Data segment:
= Beginning of Section =

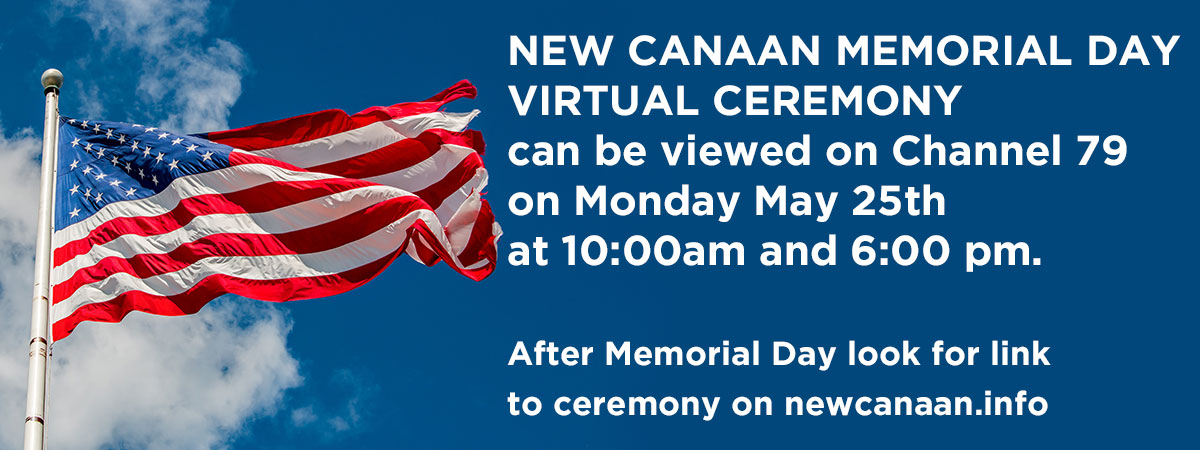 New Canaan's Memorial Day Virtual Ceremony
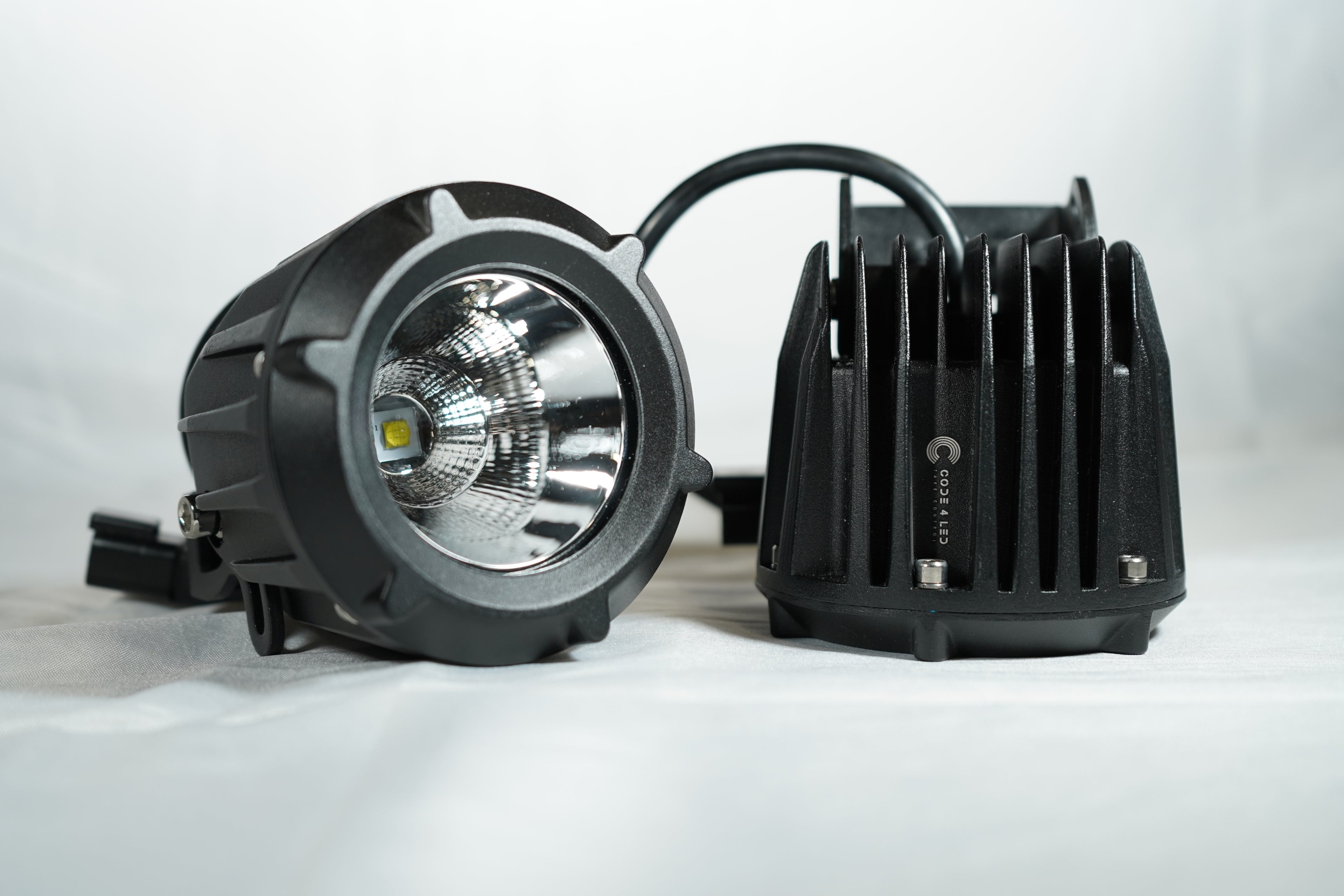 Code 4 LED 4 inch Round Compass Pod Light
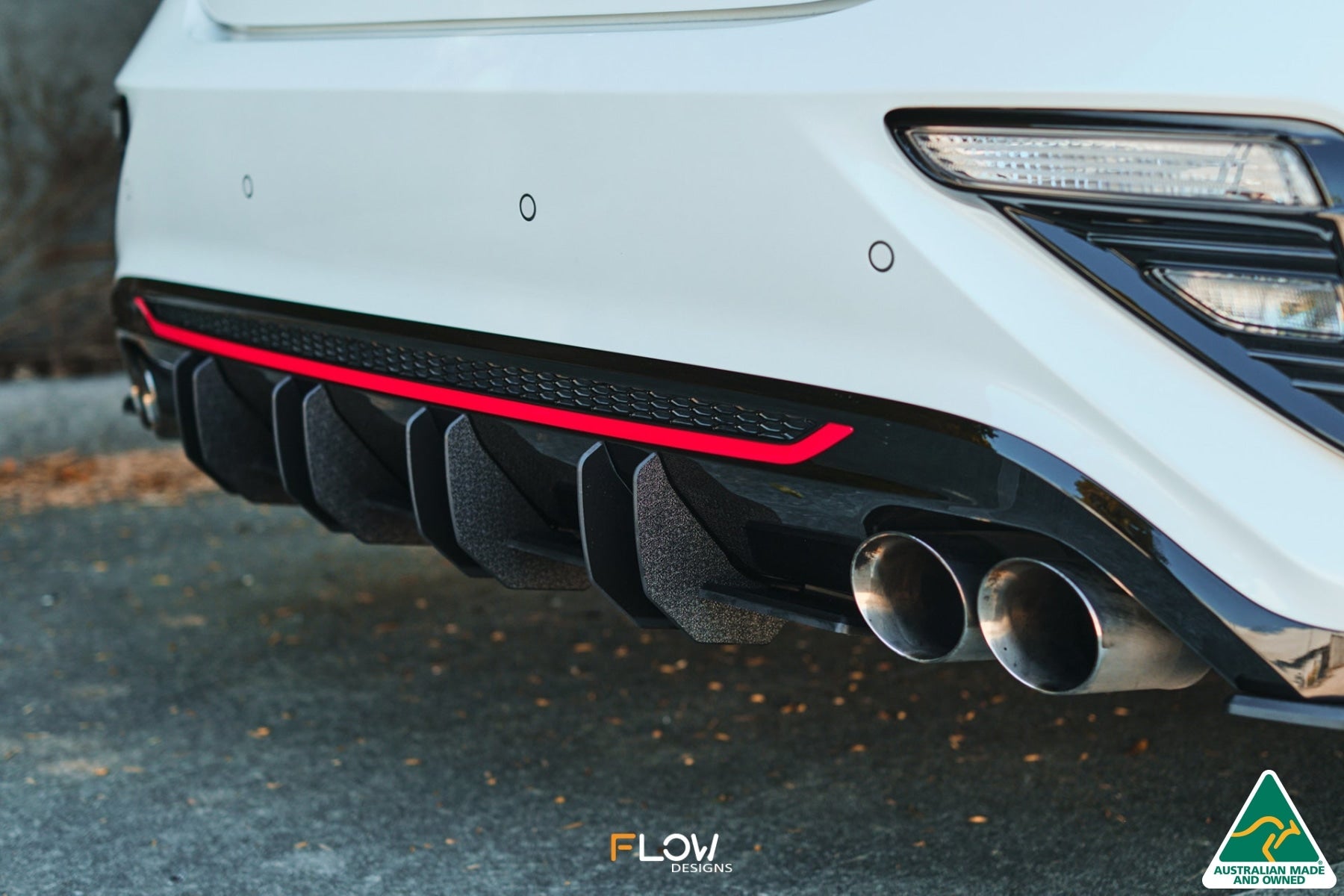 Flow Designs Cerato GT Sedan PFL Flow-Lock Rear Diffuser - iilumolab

= End of Section =

Brief: The data above must be reproduced exactly, without any of its pictures.

Exercise output:
 New Canaan's Memorial Day Virtual Ceremony
 Code 4 LED 4 inch Round Compass Pod Light
 Flow Designs Cerato GT Sedan PFL Flow-Lock Rear Diffuser - iilumolab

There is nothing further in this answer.